- **WHAT IS NEEDED**:
Emit a verbatim copy of the lines below from the line with "Телевизор 2E 43A77Q" through the line with "Eye Pencil Deborah Kajal Nº 104", excluding pictures and everything outside that range.

--- DATASET EXCERPTS Enclosed Below ---

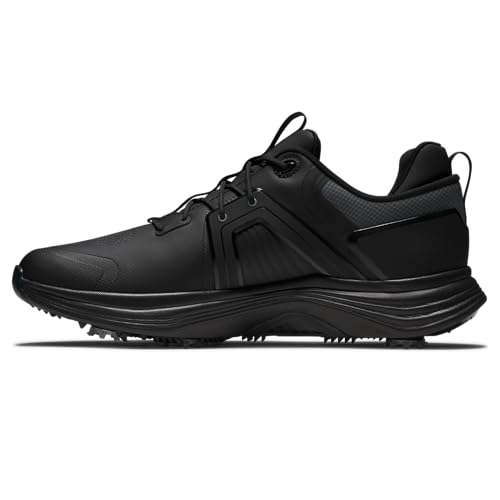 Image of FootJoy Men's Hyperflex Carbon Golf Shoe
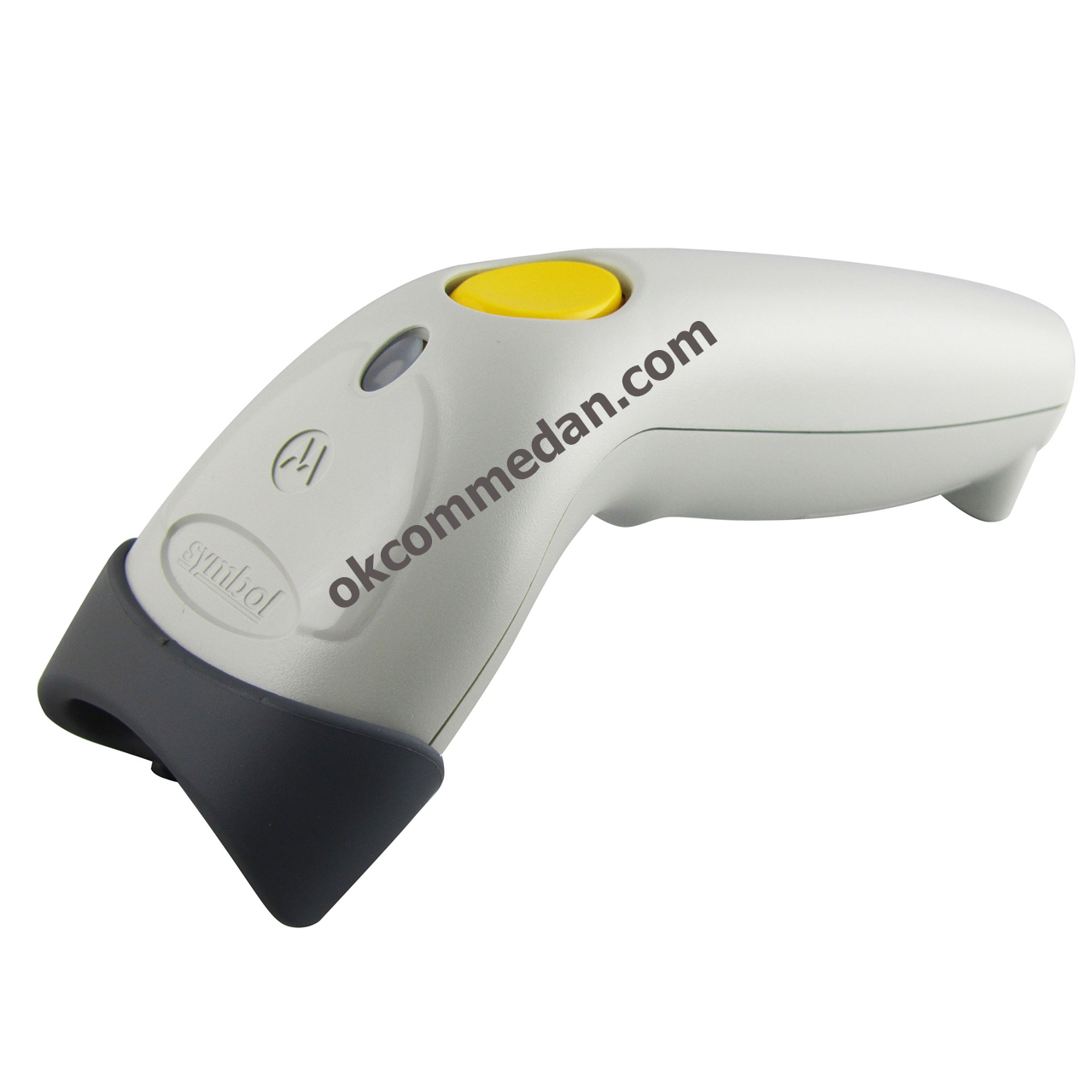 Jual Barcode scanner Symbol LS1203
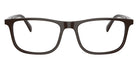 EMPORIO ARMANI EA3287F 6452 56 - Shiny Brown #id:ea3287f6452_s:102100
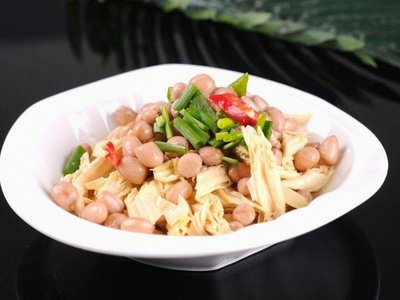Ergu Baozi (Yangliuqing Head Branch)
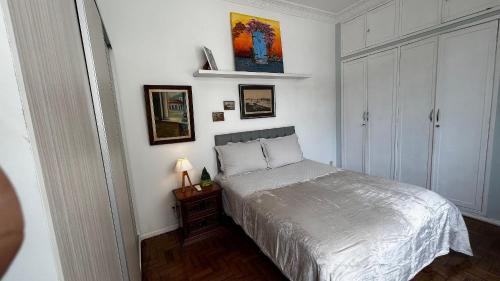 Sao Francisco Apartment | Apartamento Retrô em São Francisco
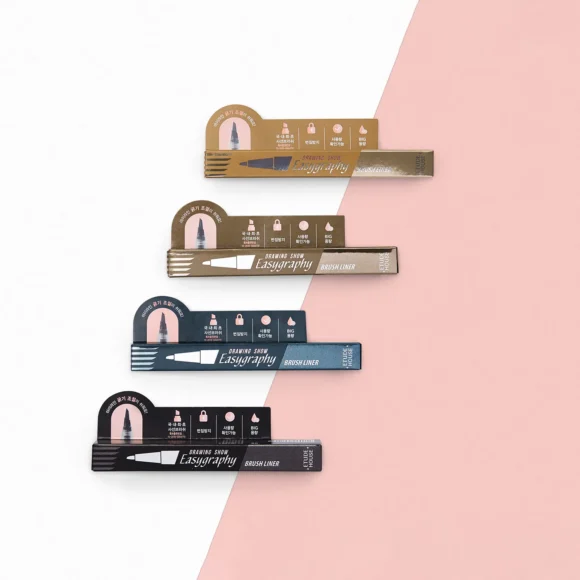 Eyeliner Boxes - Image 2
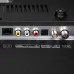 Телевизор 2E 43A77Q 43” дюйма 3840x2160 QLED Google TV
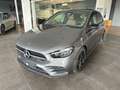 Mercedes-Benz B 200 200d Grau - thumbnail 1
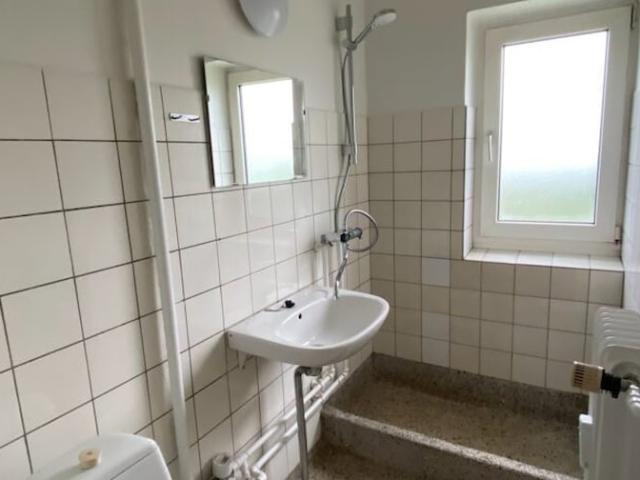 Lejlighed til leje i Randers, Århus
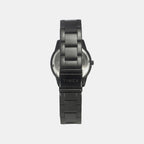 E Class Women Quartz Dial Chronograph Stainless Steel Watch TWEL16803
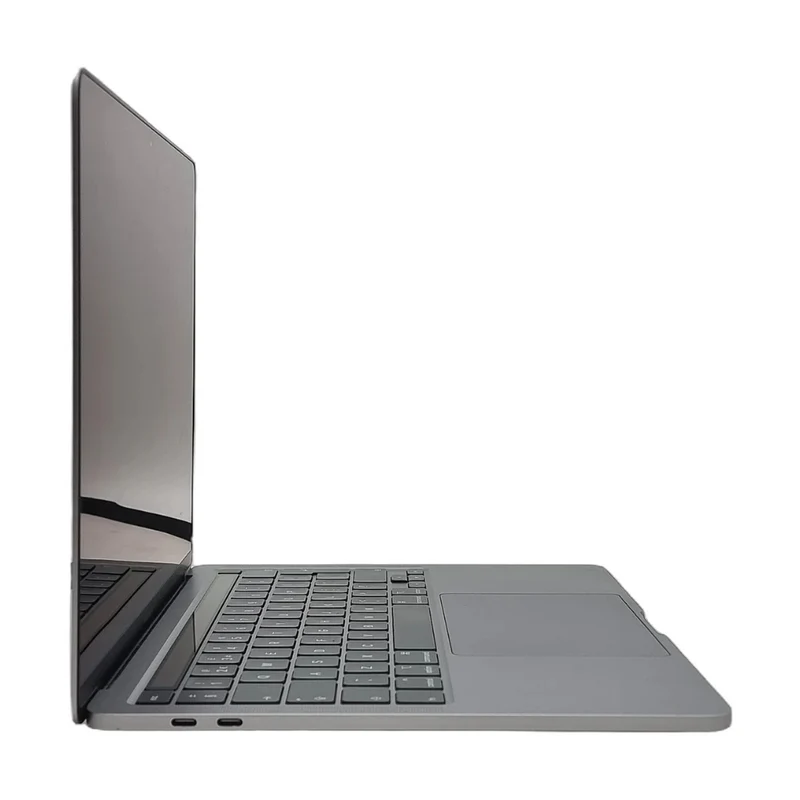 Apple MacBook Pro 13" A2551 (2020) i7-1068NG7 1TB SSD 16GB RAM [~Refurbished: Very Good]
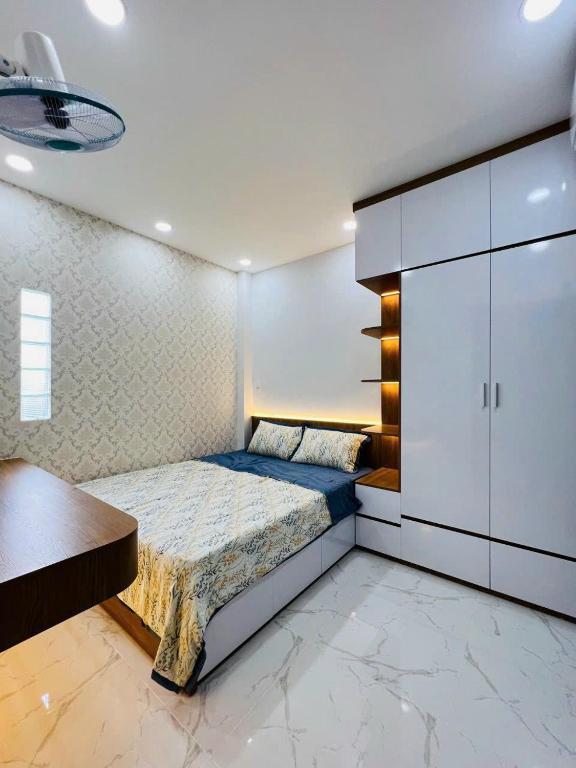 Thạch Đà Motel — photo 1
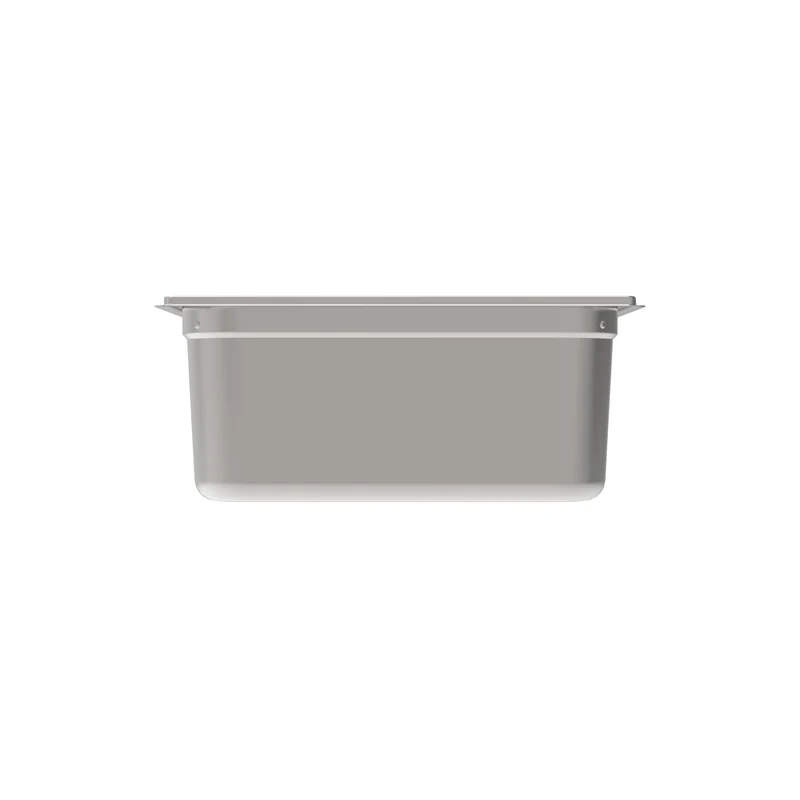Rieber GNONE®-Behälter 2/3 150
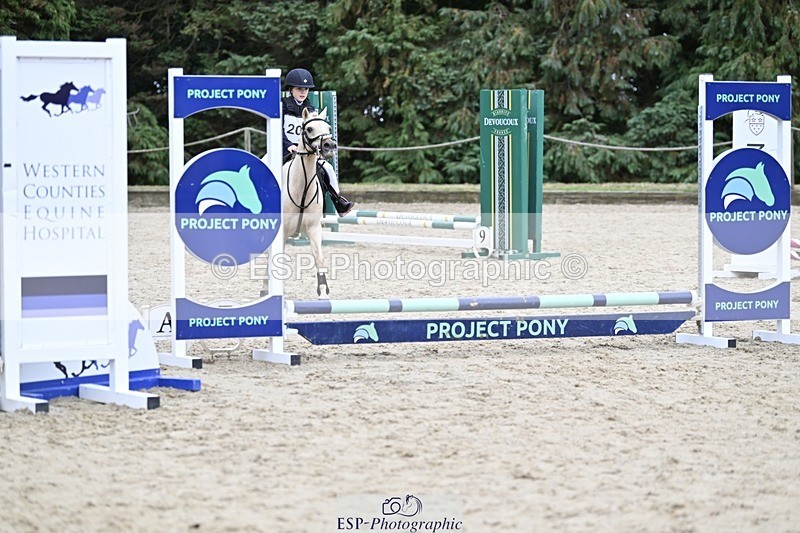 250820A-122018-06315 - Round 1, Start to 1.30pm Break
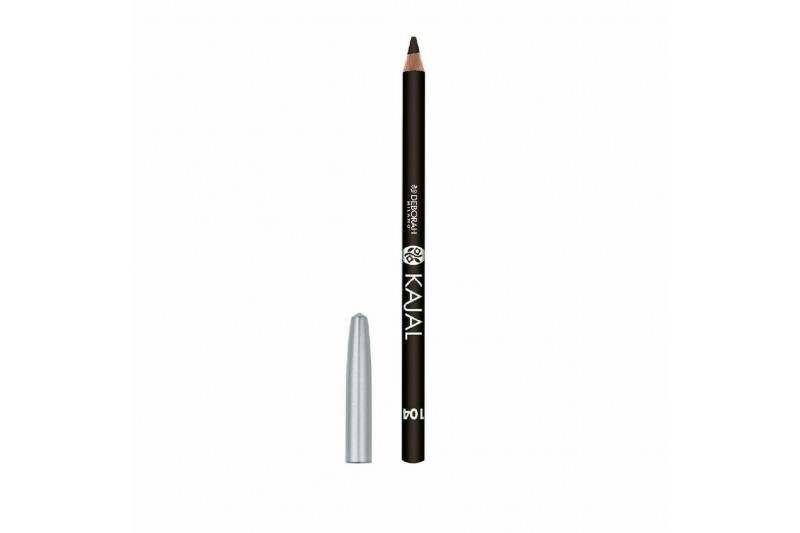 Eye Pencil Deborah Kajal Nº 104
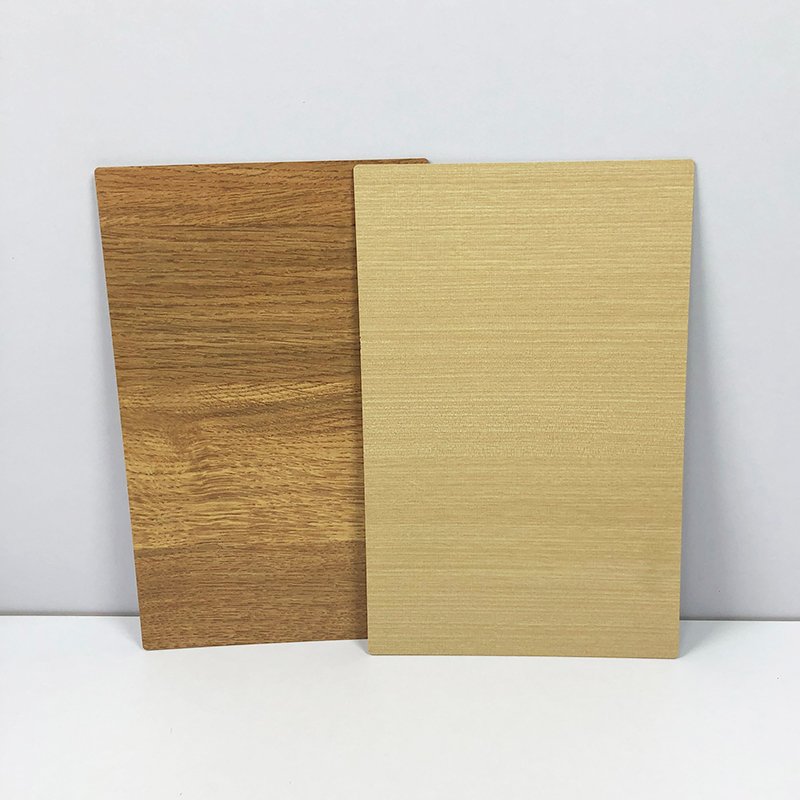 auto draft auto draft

--- End of Enclosed DATASET EXCERPTS ---

- **COMPLETED TASK**:
 Телевизор 2E 43A77Q 43” дюйма 3840x2160 QLED Google TV
 Mercedes-Benz B 200 200d Grau - thumbnail 1
 Lejlighed til leje i Randers, Århus
 E Class Women Quartz Dial Chronograph Stainless Steel Watch TWEL16803
 Apple MacBook Pro 13" A2551 (2020) i7-1068NG7 1TB SSD 16GB RAM [~Refurbished: Very Good]
 Thạch Đà Motel — photo 1
Rieber GNONE®-Behälter 2/3 150
 250820A-122018-06315 - Round 1, Start to 1.30pm Break
 Eye Pencil Deborah Kajal Nº 104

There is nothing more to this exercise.